The EU Commission did not complain about a large part of the tax rulings. In some cases, however, it accepted unlawful aid. The review of the legality of this assessment is now carried out by the Union courts. The Court of First Instance only confirmed the Commission’s view in one case in the context of an action for annulment. This case concerned Luxembourg and the Fiat/Chrysler Group. However, this judgment was overturned by the ECJ in the meantime by decision of 08.11.2022.

In the other cases, the CFI did not accept any unlawful aid. The reason for this is that the Commission failed to demonstrate the existence of an advantage within the meaning of Article 107(1) TFEU. We explain the strict requirements imposed by the European courts on whether the approval of transfer pricing may constitute unlawful aid.

3. Conditions of unlawful aid

3.1. Unauthorised aid: Relevance in tax law

Article 107(1) TFEU prohibits State aid affecting trade between EU Member States. Tax laws or individual tax measures can also constitute unlawful aid if this means that a homogeneous group of undertakings (or an individual undertaking) has to pay less tax than should actually be the reference system under the generally applicable tax rules of the respective Member State.
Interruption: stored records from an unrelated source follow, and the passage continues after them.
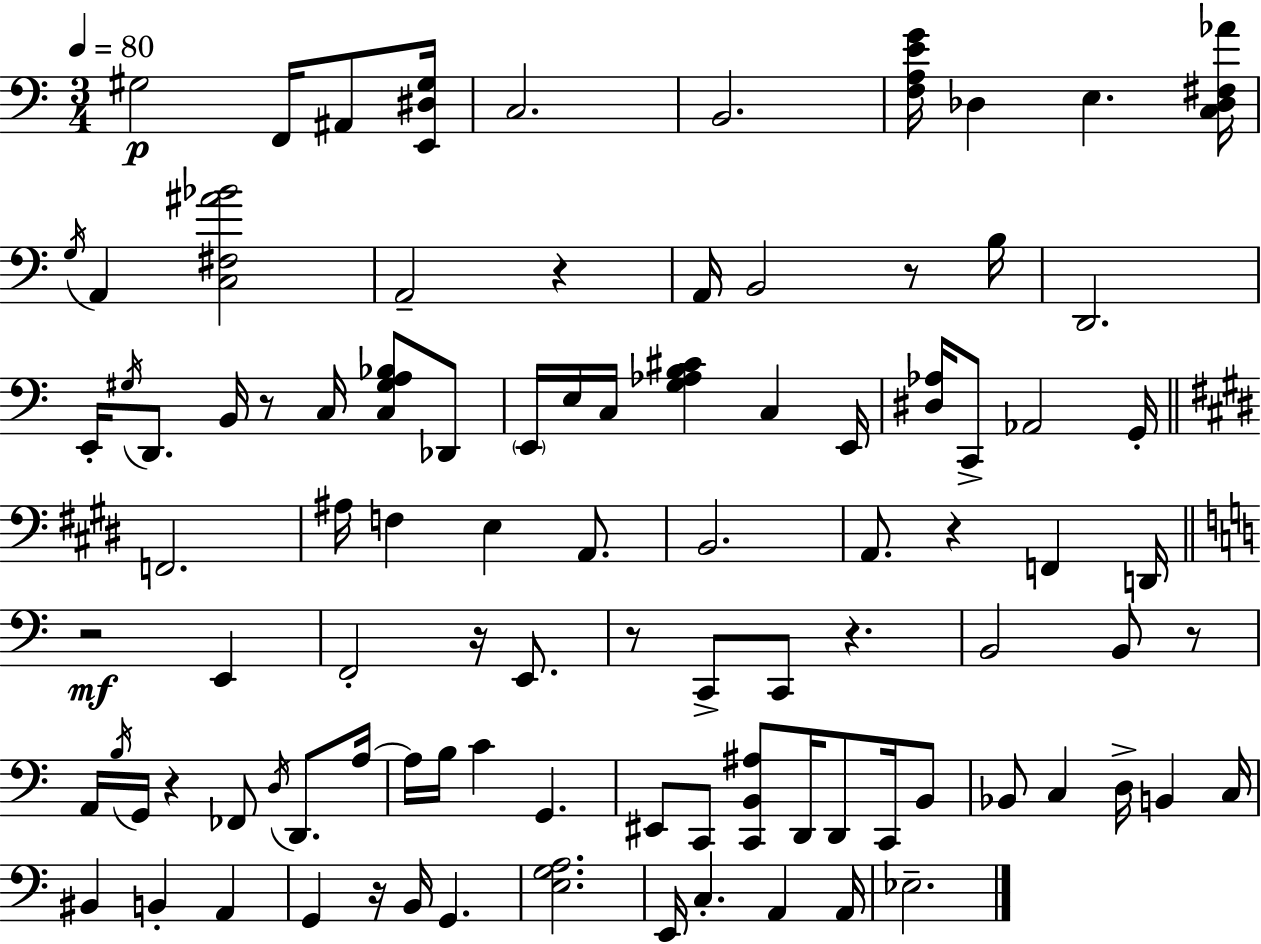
X:1
T:Untitled
M:3/4
L:1/4
K:C
^G,2 F,,/4 ^A,,/2 [E,,^D,^G,]/4 C,2 B,,2 [F,A,EG]/4 _D, E, [C,_D,^F,_A]/4 G,/4 A,, [C,^F,^A_B]2 A,,2 z A,,/4 B,,2 z/2 B,/4 D,,2 E,,/4 ^G,/4 D,,/2 B,,/4 z/2 C,/4 [C,^G,A,_B,]/2 _D,,/2 E,,/4 E,/4 C,/4 [G,_A,B,^C] C, E,,/4 [^D,_A,]/4 C,,/2 _A,,2 G,,/4 F,,2 ^A,/4 F, E, A,,/2 B,,2 A,,/2 z F,, D,,/4 z2 E,, F,,2 z/4 E,,/2 z/2 C,,/2 C,,/2 z B,,2 B,,/2 z/2 A,,/4 B,/4 G,,/4 z _F,,/2 D,/4 D,,/2 A,/4 A,/4 B,/4 C G,, ^E,,/2 C,,/2 [C,,B,,^A,]/2 D,,/4 D,,/2 C,,/4 B,,/2 _B,,/2 C, D,/4 B,, C,/4 ^B,, B,, A,, G,, z/4 B,,/4 G,, [E,G,A,]2 E,,/4 C, A,, A,,/4 _E,2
3.2. Three-stage construction

In tax law, the focus of the assessment of the aid is on whether a selective advantage has been granted. There is an advantage here if a company is made better financially than other companies. The selectivity criterion then serves to determine whether a tax measure in the context of the tax system is likely to favour certain undertakings or the production of certain goods over other undertakings.

The European courts generally carry out the examination in three stages.